(Image-text web data)
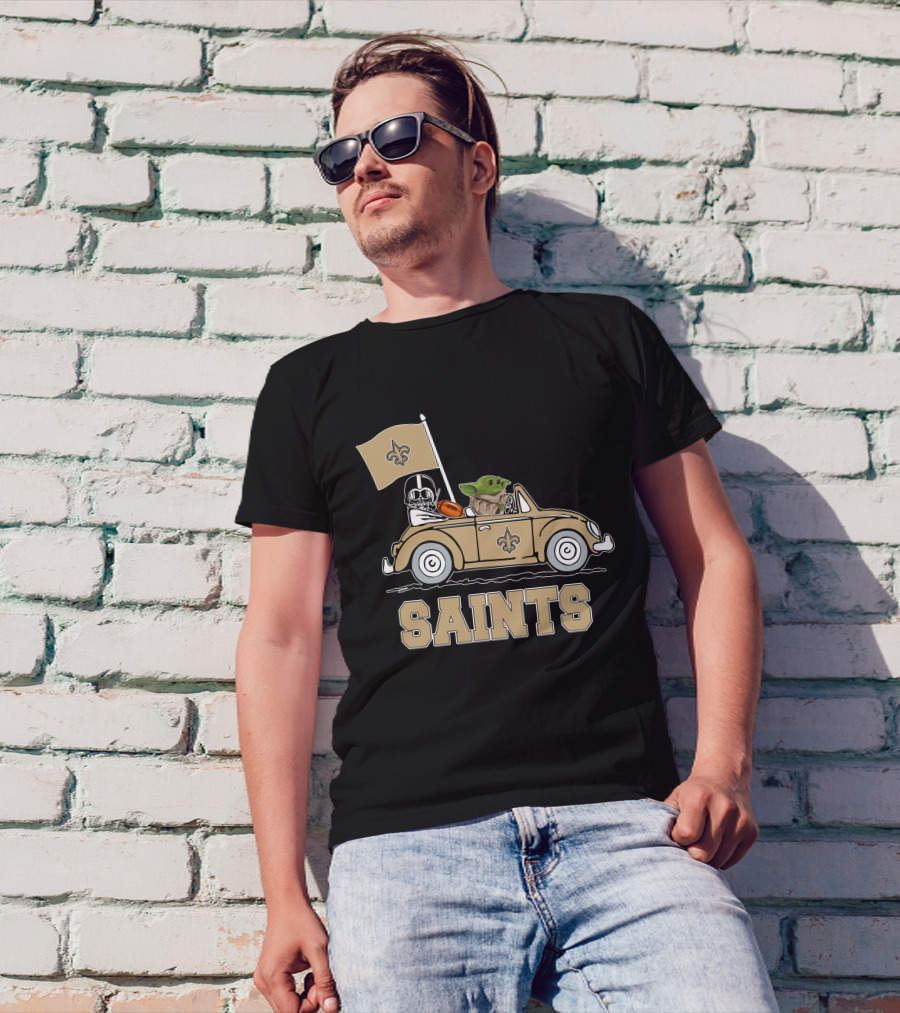 New Orleans Saints Darth Vader Baby Yoda Car Star Wars Driving T-Shirt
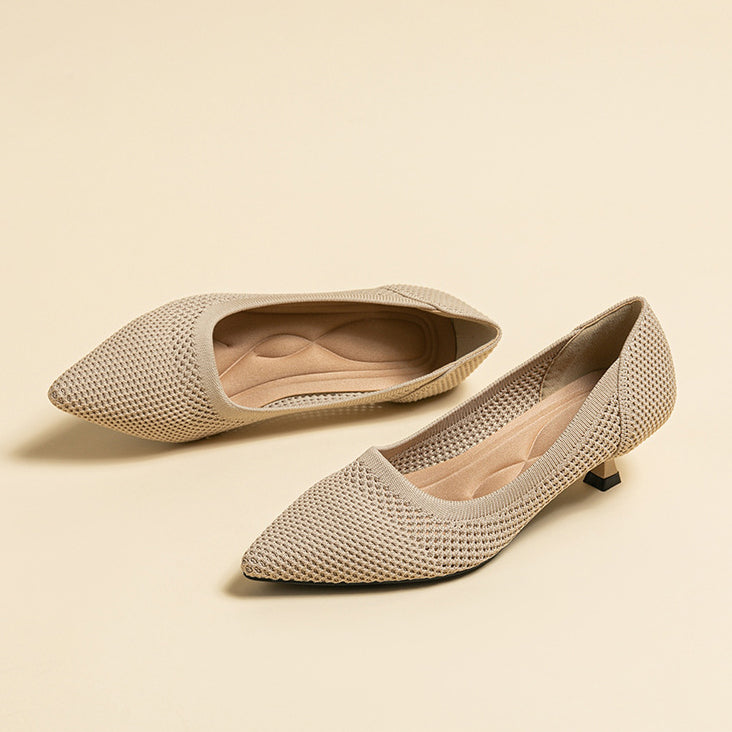Lisa Knit Pumps – 3cm Elegant Kitten Heel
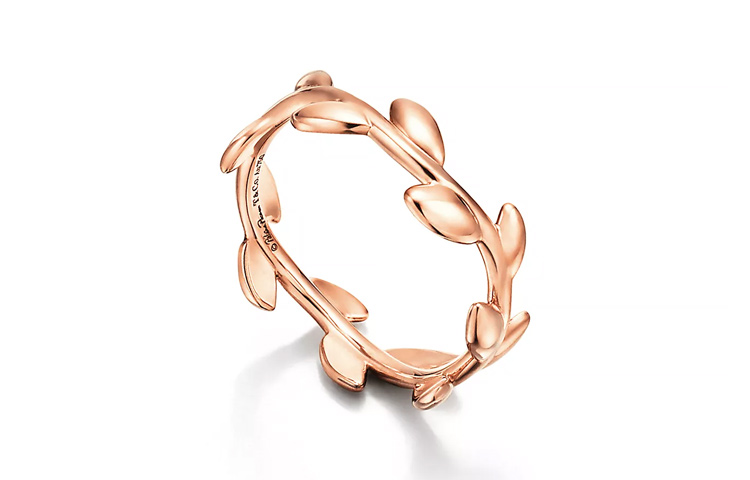 TIFFANY & CO. Olive Leaf 18K Rose Gold Ring Unisex Couple Design. 60146085 圖 3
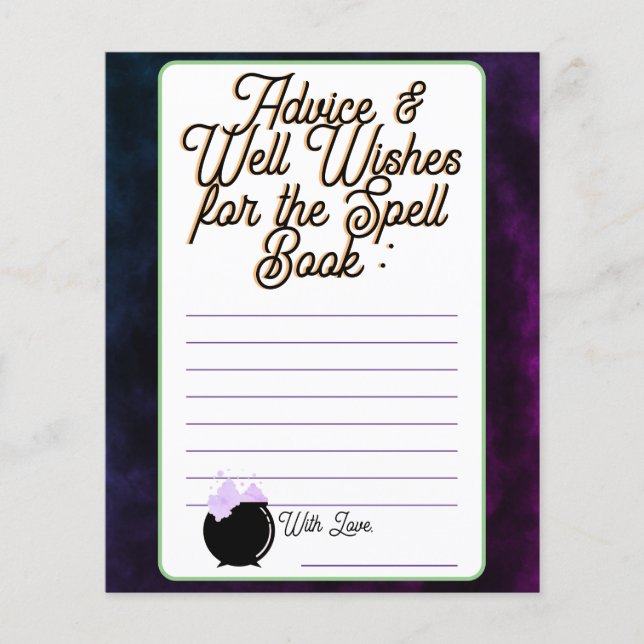 Baby Spell Book Advice & Well Wishes (Front)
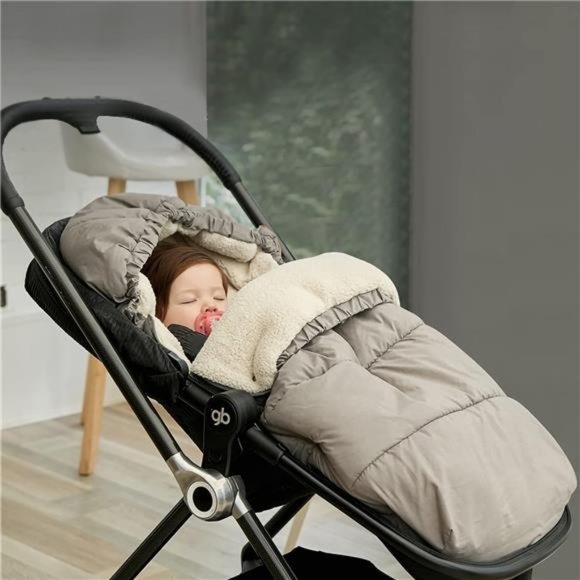Universal Stroller Footmuff Winter Sleeping Bunting Bag (Light Grey) - Picture 3 of 7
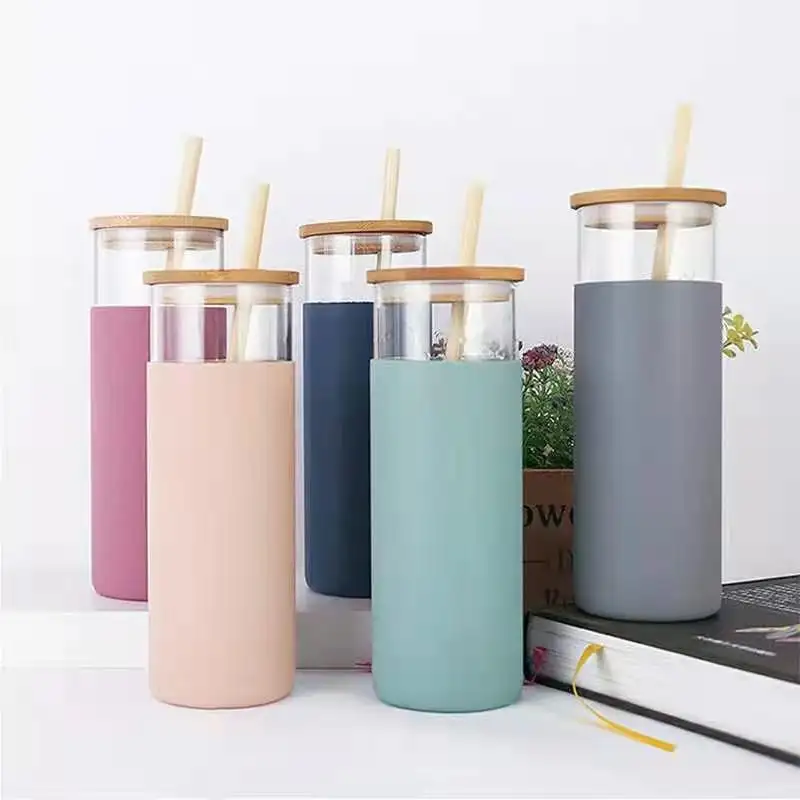 16oz Glass Tumbler Glass Water Bottle Straw Silicone Protective Sleeve Bamboo Lid - BPA Free Drink Bottle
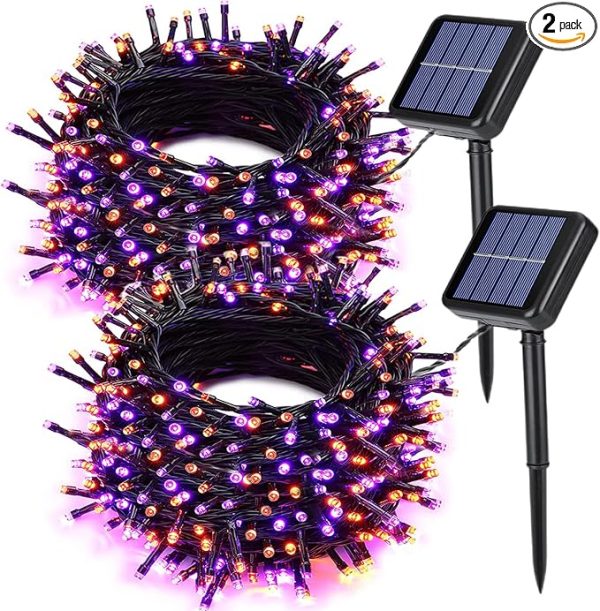 Joomer 2 Pack Orange Purple Halloween Solar String Lights, Total 144 Ft 400 Led 8 Modes Waterproof Solar String Lights Outdoor for Halloween Decorations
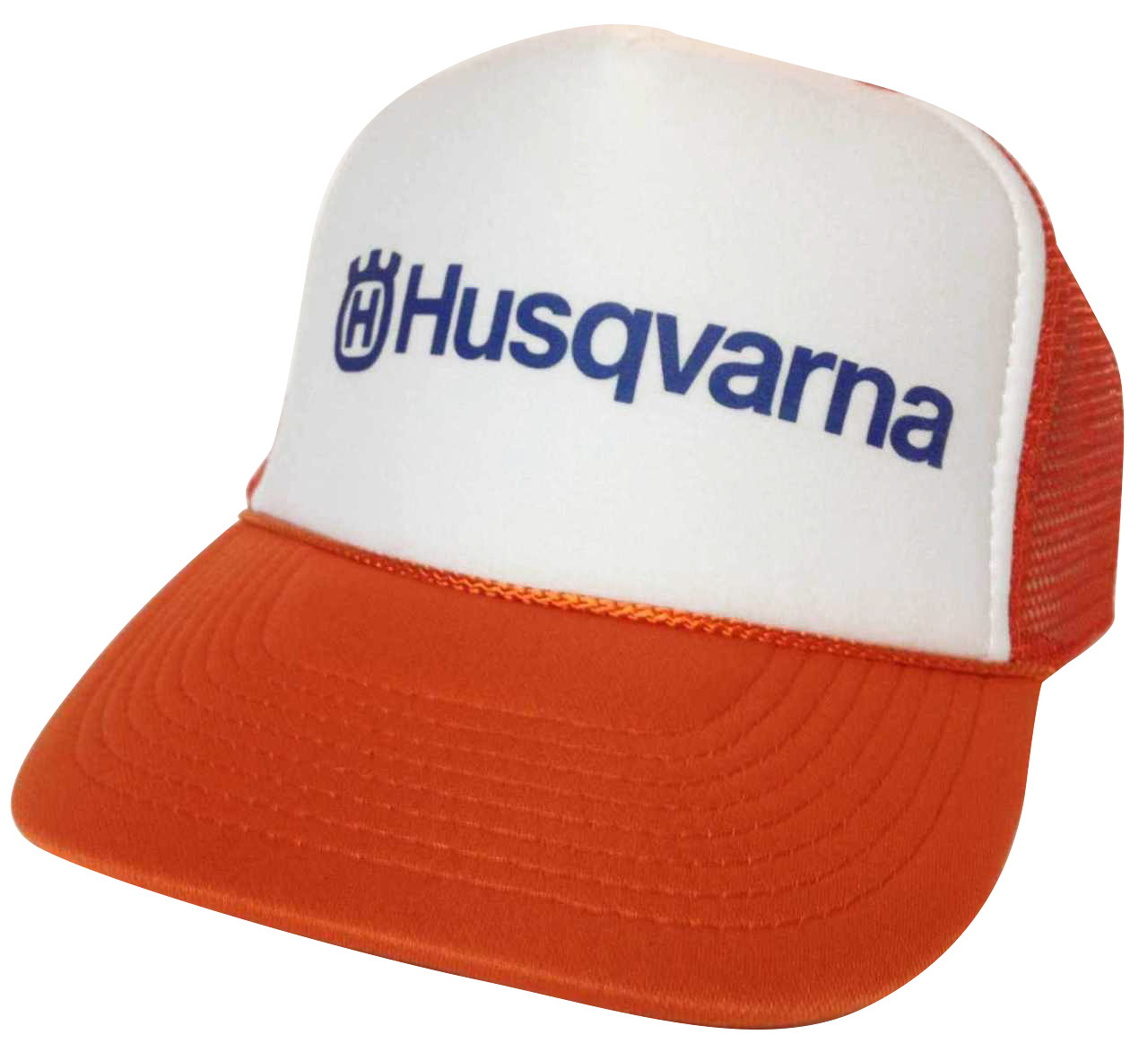 orange and white trucker hat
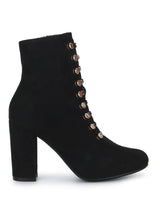 Black Micro Lace-Up Block Heels Ankle Boots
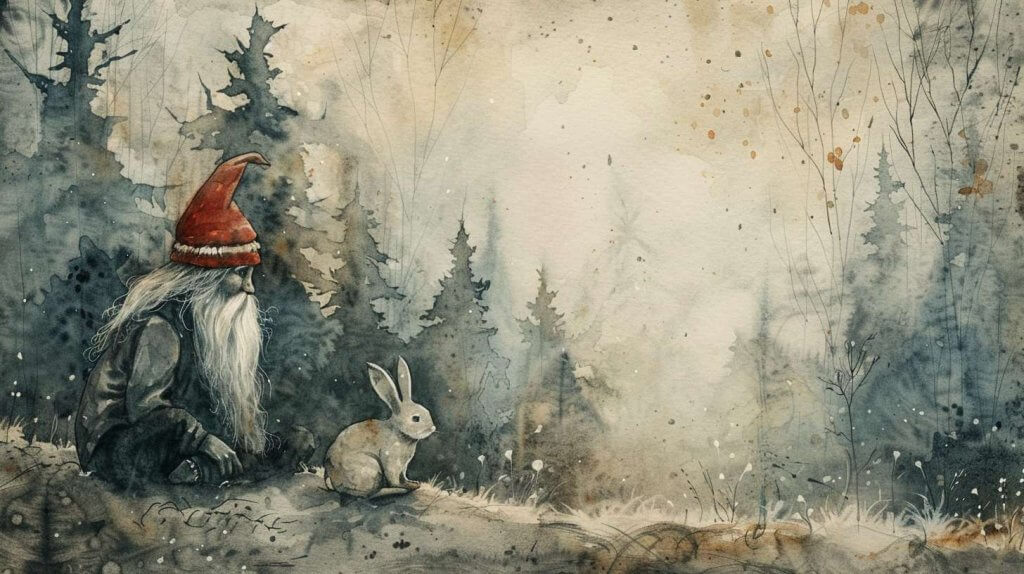 Swedish Tomte and a rabbit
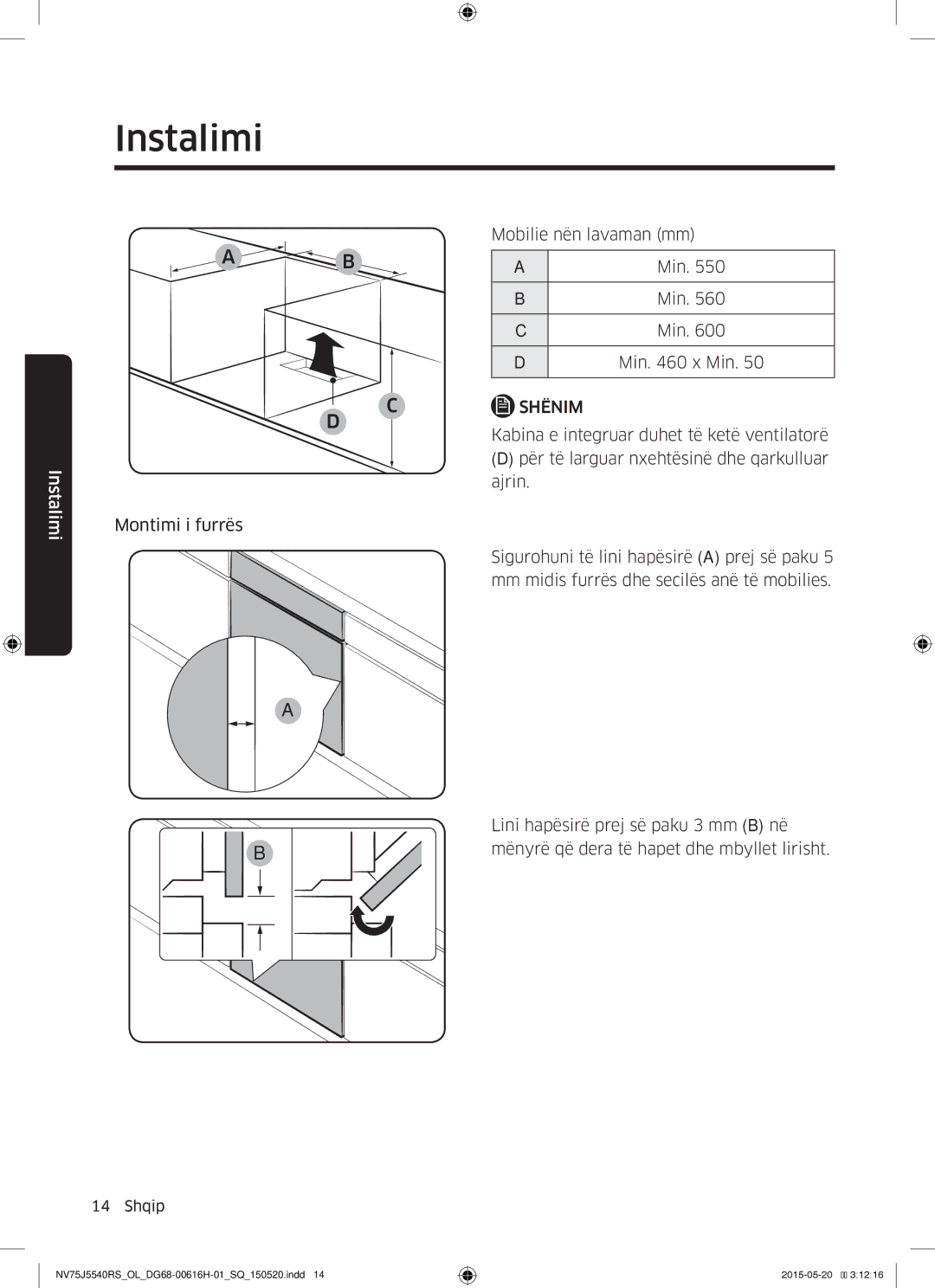 Samsung NV75J5540RS/OL manual Mobilie nën lavaman mm 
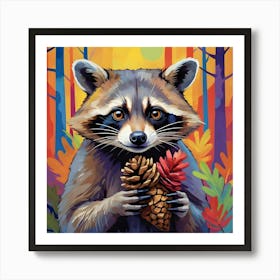 Raccoon In The Forest Art Print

__TASK GOAL__: The records above should be reproduced exactly, with the pictures omitted.

__PROBLEM SOLUTION__:
 New Orleans Saints Darth Vader Baby Yoda Car Star Wars Driving T-Shirt
Lisa Knit Pumps – 3cm Elegant Kitten Heel
 TIFFANY & CO. Olive Leaf 18K Rose Gold Ring Unisex Couple Design. 60146085 圖 3
 Baby Spell Book Advice & Well Wishes (Front)
Universal Stroller Footmuff Winter Sleeping Bunting Bag (Light Grey) - Picture 3 of 7
 16oz Glass Tumbler Glass Water Bottle Straw Silicone Protective Sleeve Bamboo Lid - BPA Free Drink Bottle
 Joomer 2 Pack Orange Purple Halloween Solar String Lights, Total 144 Ft 400 Led 8 Modes Waterproof Solar String Lights Outdoor for Halloween Decorations
 orange and white trucker hat
 Black Micro Lace-Up Block Heels Ankle Boots
 Swedish Tomte and a rabbit
 Samsung NV75J5540RS/OL manual Mobilie nën lavaman mm 
 Raccoon In The Forest Art Print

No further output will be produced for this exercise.